=== Directions for this task ===
A word-for-word copy of the listing is required, and it must contain no pictures.

=== Collected data ===

******************************

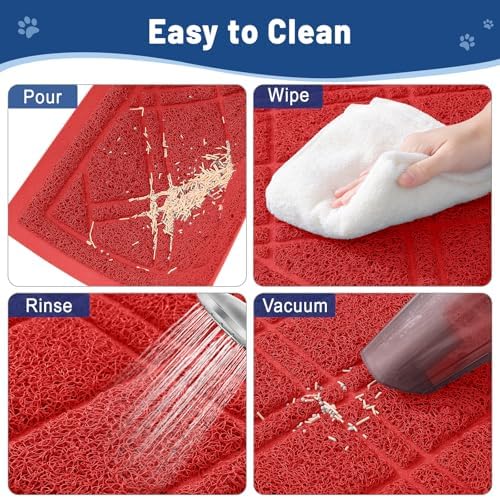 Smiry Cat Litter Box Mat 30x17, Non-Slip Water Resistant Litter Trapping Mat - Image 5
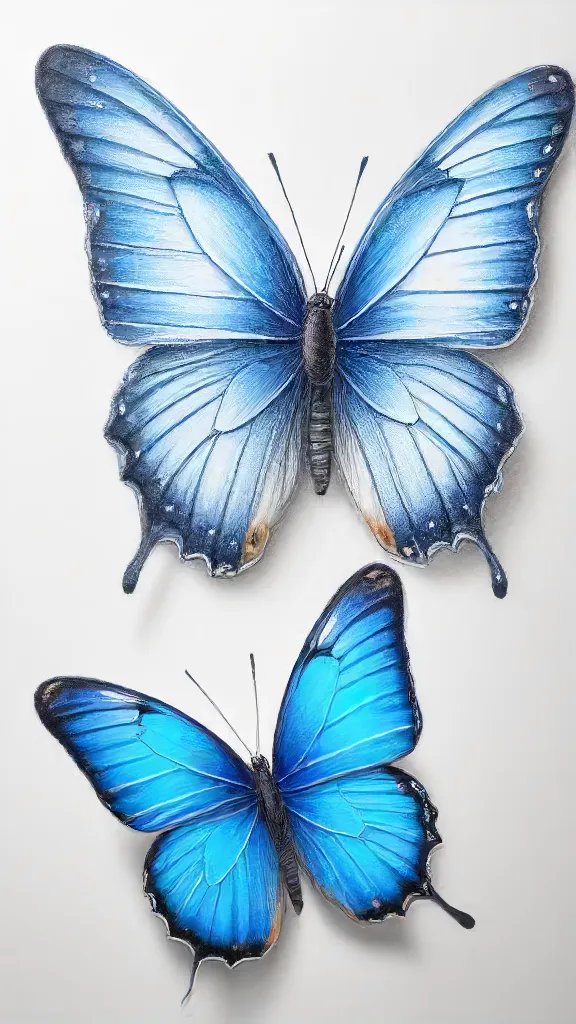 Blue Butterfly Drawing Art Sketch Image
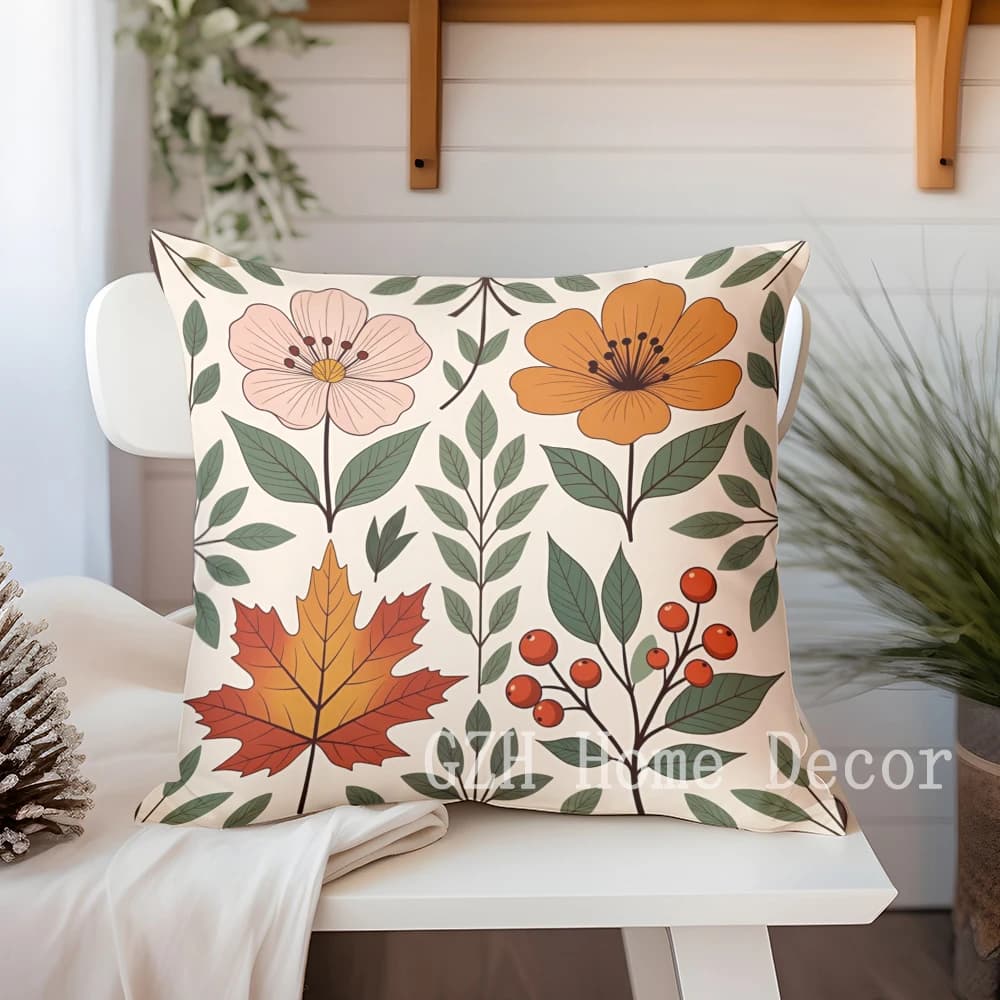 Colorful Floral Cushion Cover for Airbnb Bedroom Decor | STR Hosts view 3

******************************

=== Task result ===
 Smiry Cat Litter Box Mat 30x17, Non-Slip Water Resistant Litter Trapping Mat - Image 5
 Blue Butterfly Drawing Art Sketch Image
 Colorful Floral Cushion Cover for Airbnb Bedroom Decor | STR Hosts view 3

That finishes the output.